> _PROBLEM DETAILS_:
Repeat the data verbatim, images excluded.

> _DATA EXTRACT_:
○ ○ ○ ○ ○ ○ ○
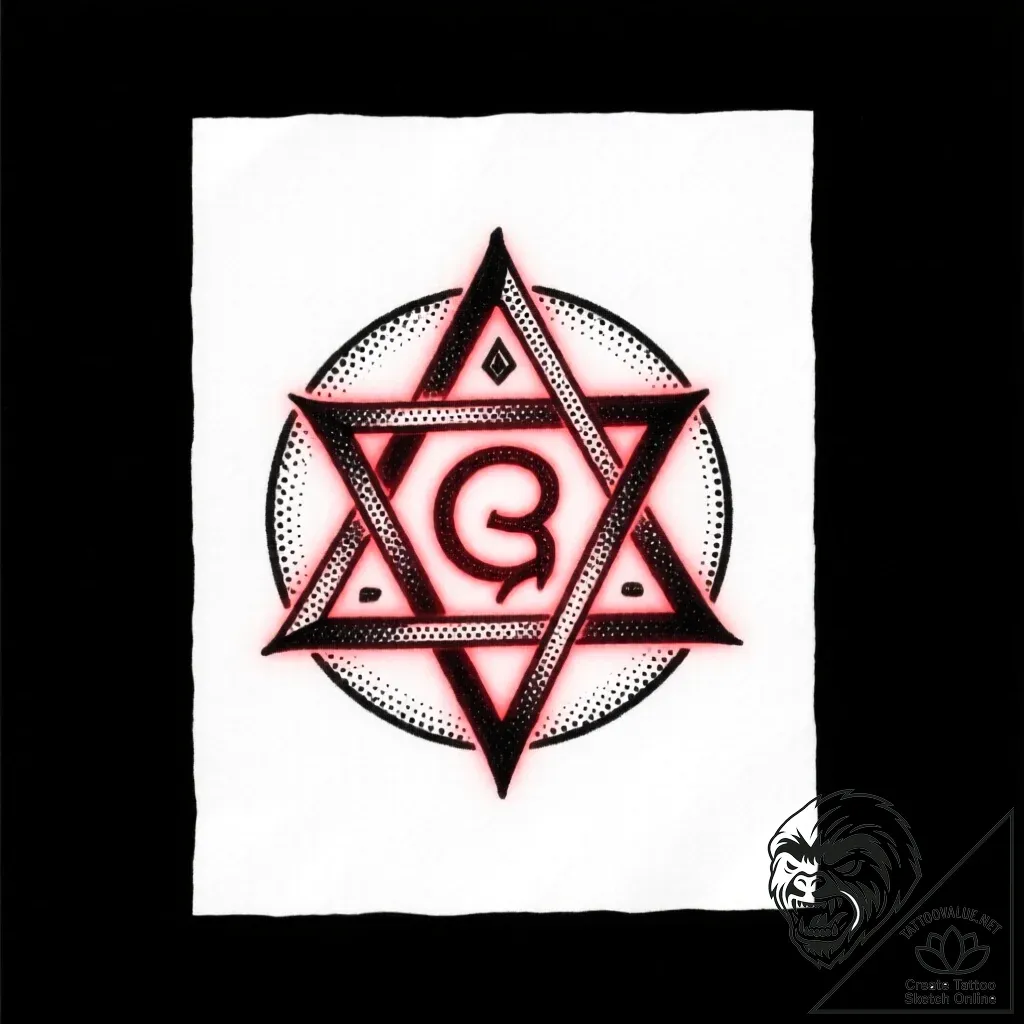 Tat tattoo sketch, mystical symbols from anci... - style Flux Inscriptions - tattoo sketch (13.11.2025 18:42)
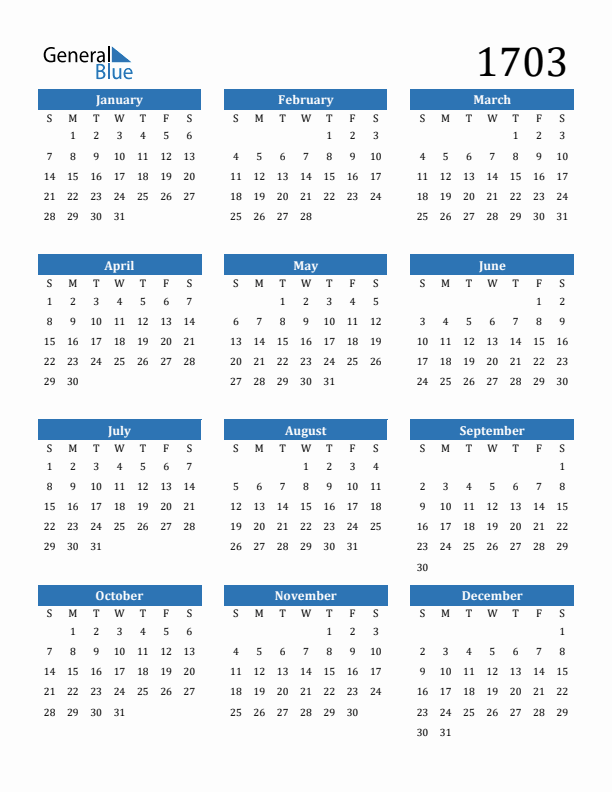 1703 Calendar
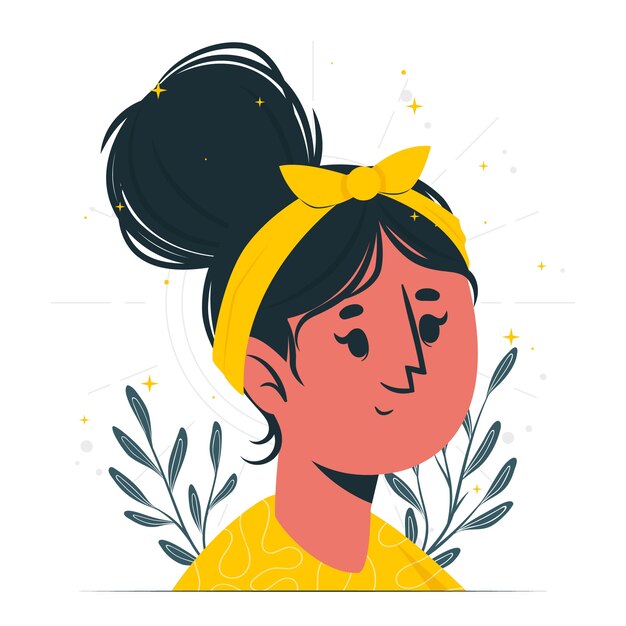 Vecteur gratuit illustration de concept de chignon désordonné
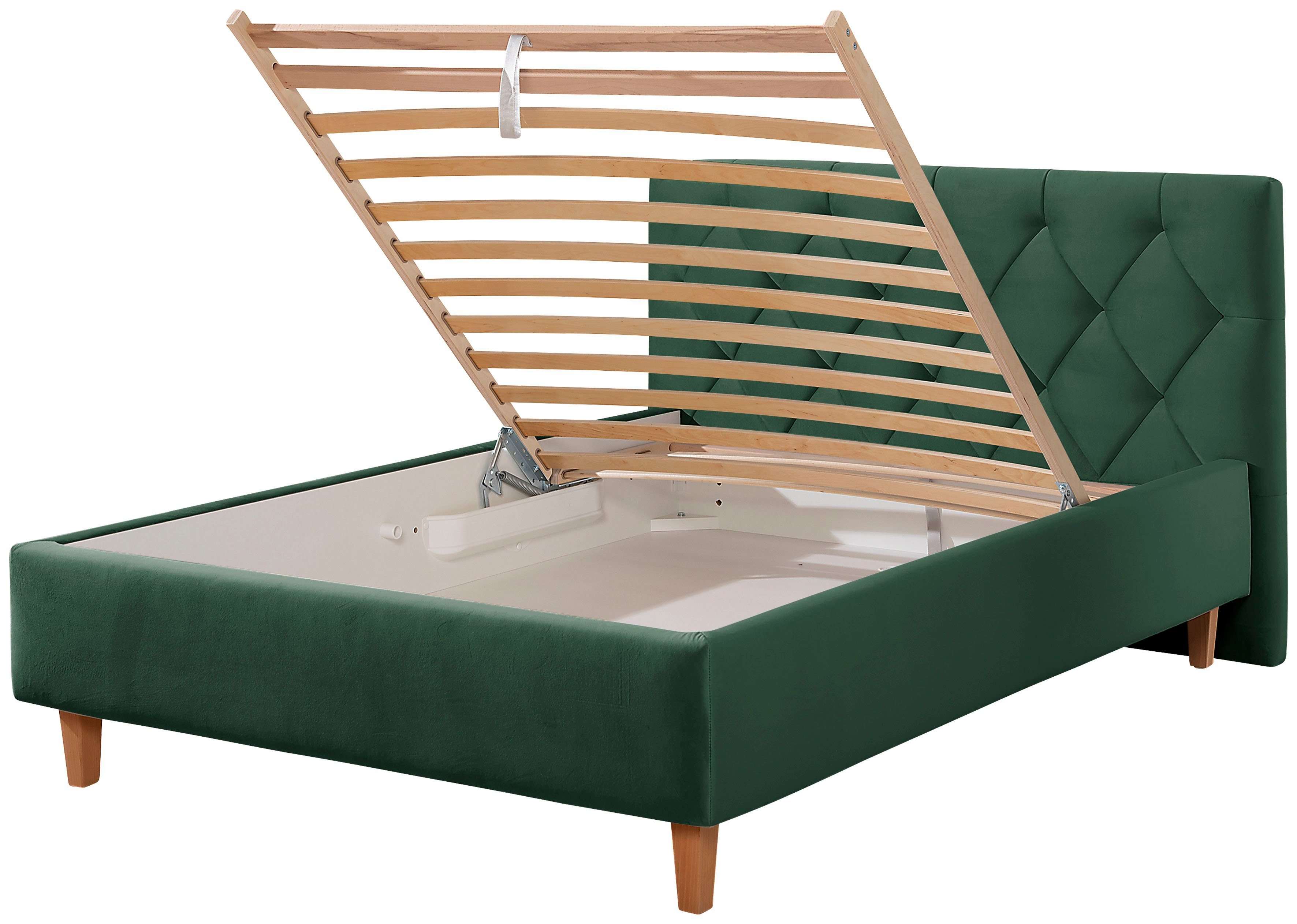 Guido Maria Kretschmer Home&Living Gestoffeerd bed Sunley 100 Kruisstiksel, hoofdbordhoogte 102 cm, zonder of met matras/lattenbodem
○ ○ ○ ○ ○ ○ ○
> _COMPLETED TASK_:
 Tat tattoo sketch, mystical symbols from anci... - style Flux Inscriptions - tattoo sketch (13.11.2025 18:42)
 1703 Calendar
 Vecteur gratuit illustration de concept de chignon désordonné
 Guido Maria Kretschmer Home&Living Gestoffeerd bed Sunley 100 Kruisstiksel, hoofdbordhoogte 102 cm, zonder of met matras/lattenbodem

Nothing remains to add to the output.